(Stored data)
--
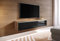 MINIO go for it - TV Schrank Donna, Breite 140 cm, TV Lowboard, Stehend oder Hängend, Fernsehschrank für das Wohnzimmer, Moderner Stil, Wotan Eiche/Schwarz Hochglanz - ohne LED Beleuchtung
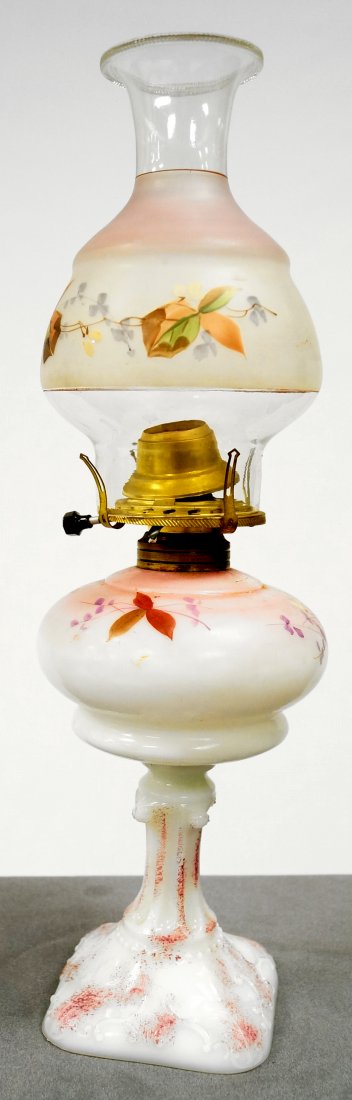 VICTORIAN DECORATED MILK GLASS OIL LAMP WITH DECORATED (1 of 1)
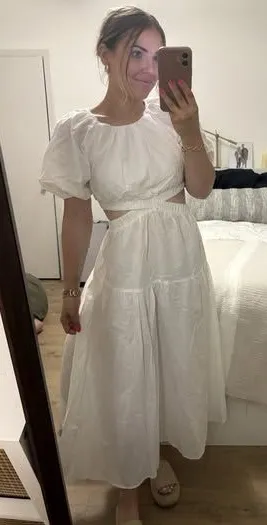 EXLBES Puff Sleeve Cut Out Back Maxi Dress White Size Small Coastal 100% Cotton thumbnail 1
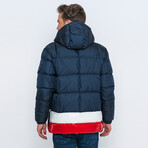 Jake Color Block Puffer Coat // Navy + Red + White (2XL)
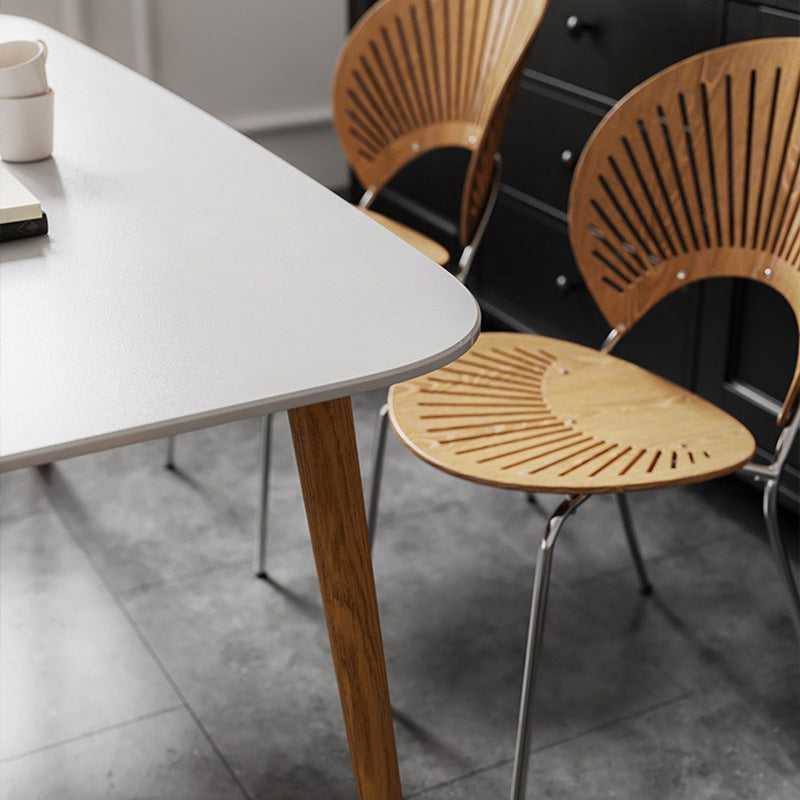 Mesa rectangular moderna de piedra sinterizada con patas de madera para el hogar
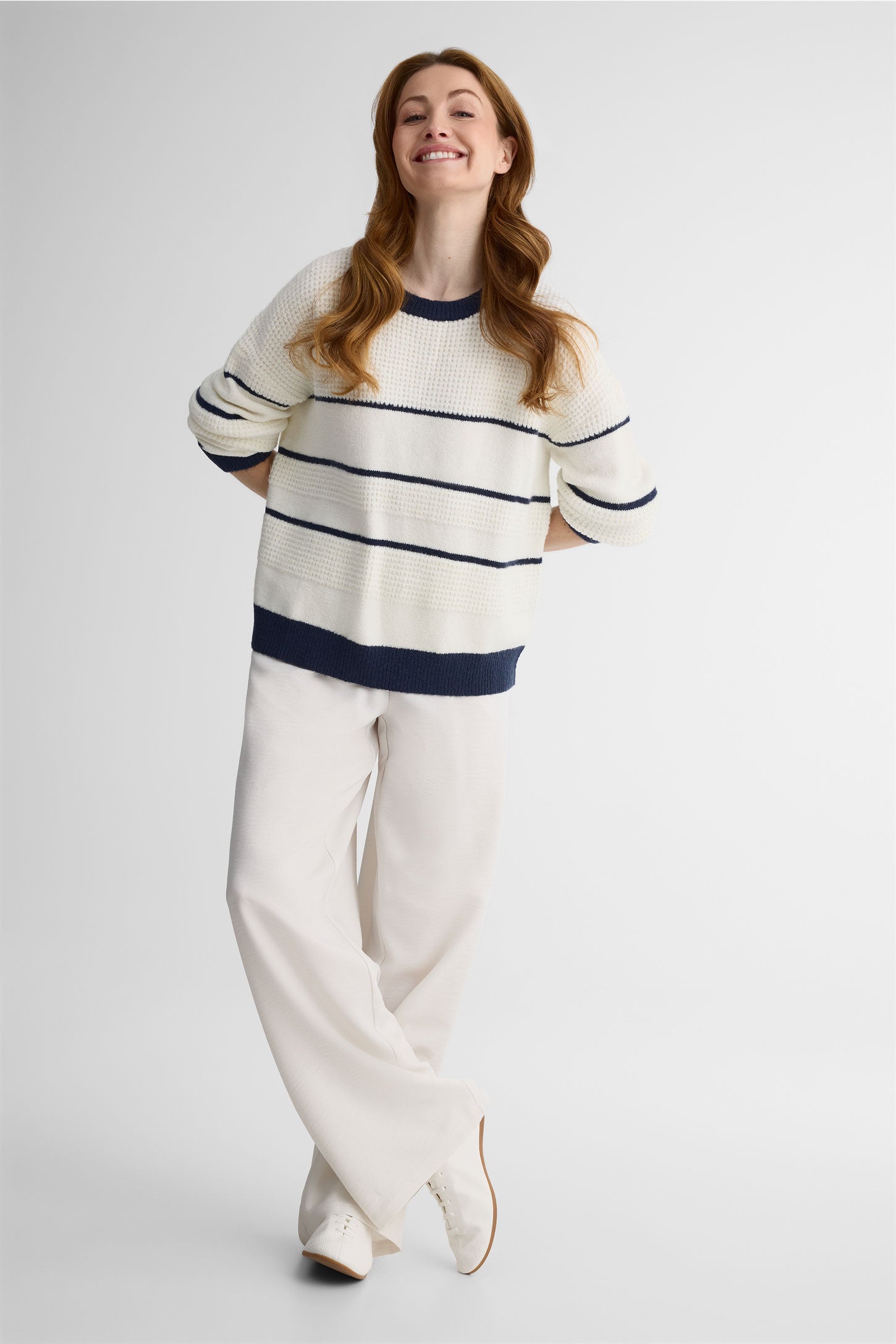 Chandail tricot rayé à manches longues – Femme && BLANC CASSÉ/MULTI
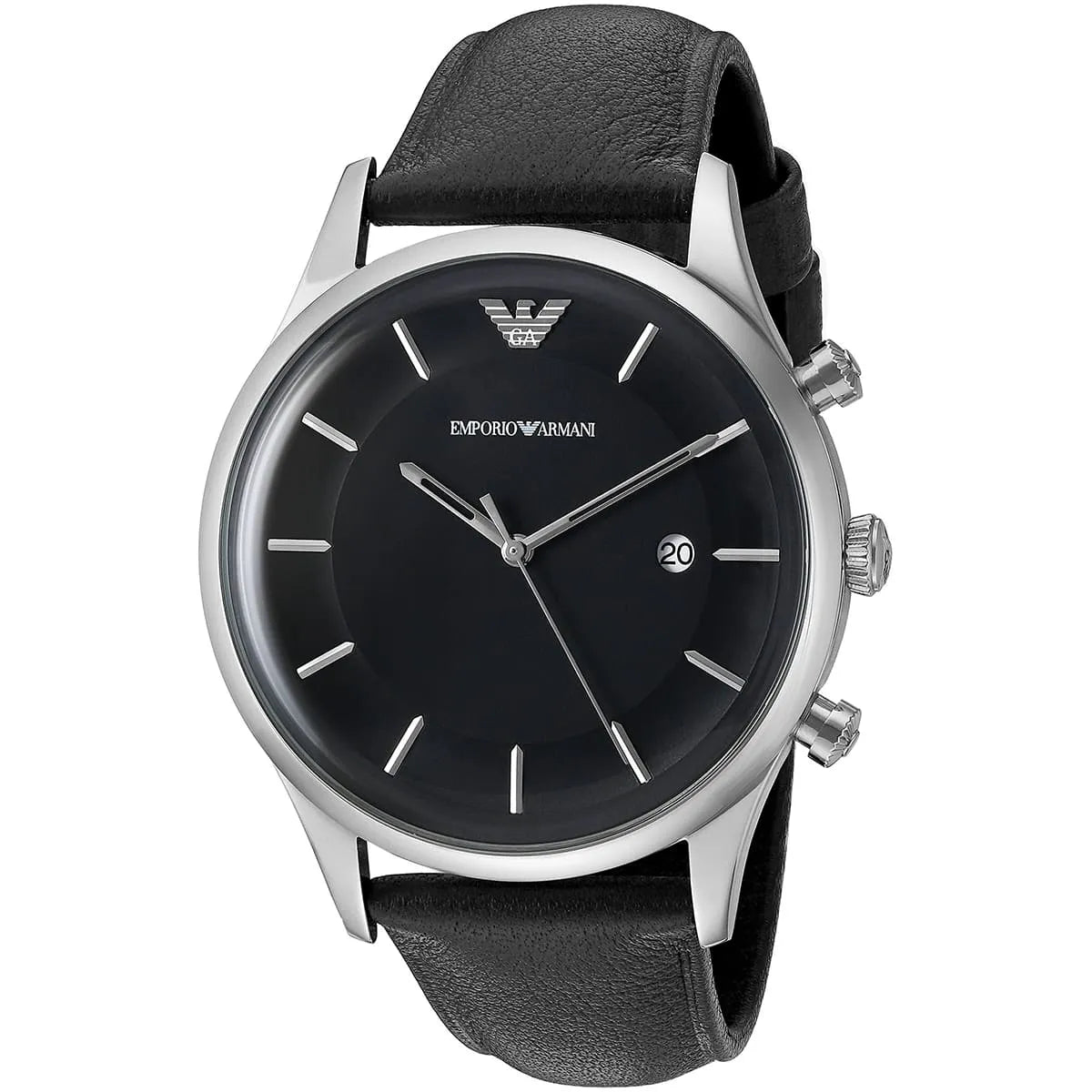 Emporio Armani Lambda Black Genuine Leather Men's Watch - AR11020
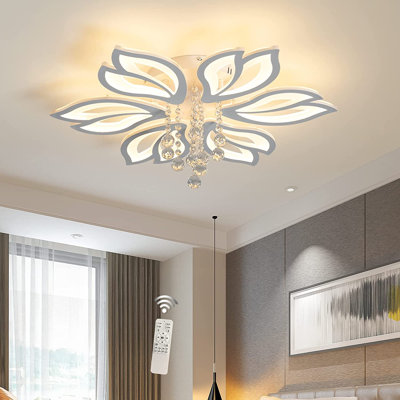 Calletana 6-Light Acrylic LED Flush Mount, Dimmable Modern Ceiling Light, White Acrylic Flower Light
--
• PROBLEM REQUIREMENTS
Repeat every line of the data above exactly, but drop the pictures.

• TASK OUTPUT
 MINIO go for it - TV Schrank Donna, Breite 140 cm, TV Lowboard, Stehend oder Hängend, Fernsehschrank für das Wohnzimmer, Moderner Stil, Wotan Eiche/Schwarz Hochglanz - ohne LED Beleuchtung
 VICTORIAN DECORATED MILK GLASS OIL LAMP WITH DECORATED (1 of 1)
 EXLBES Puff Sleeve Cut Out Back Maxi Dress White Size Small Coastal 100% Cotton thumbnail 1
 Jake Color Block Puffer Coat // Navy + Red + White (2XL)
 Mesa rectangular moderna de piedra sinterizada con patas de madera para el hogar
 Chandail tricot rayé à manches longues – Femme && BLANC CASSÉ/MULTI
 Emporio Armani Lambda Black Genuine Leather Men's Watch - AR11020
 Calletana 6-Light Acrylic LED Flush Mount, Dimmable Modern Ceiling Light, White Acrylic Flower Light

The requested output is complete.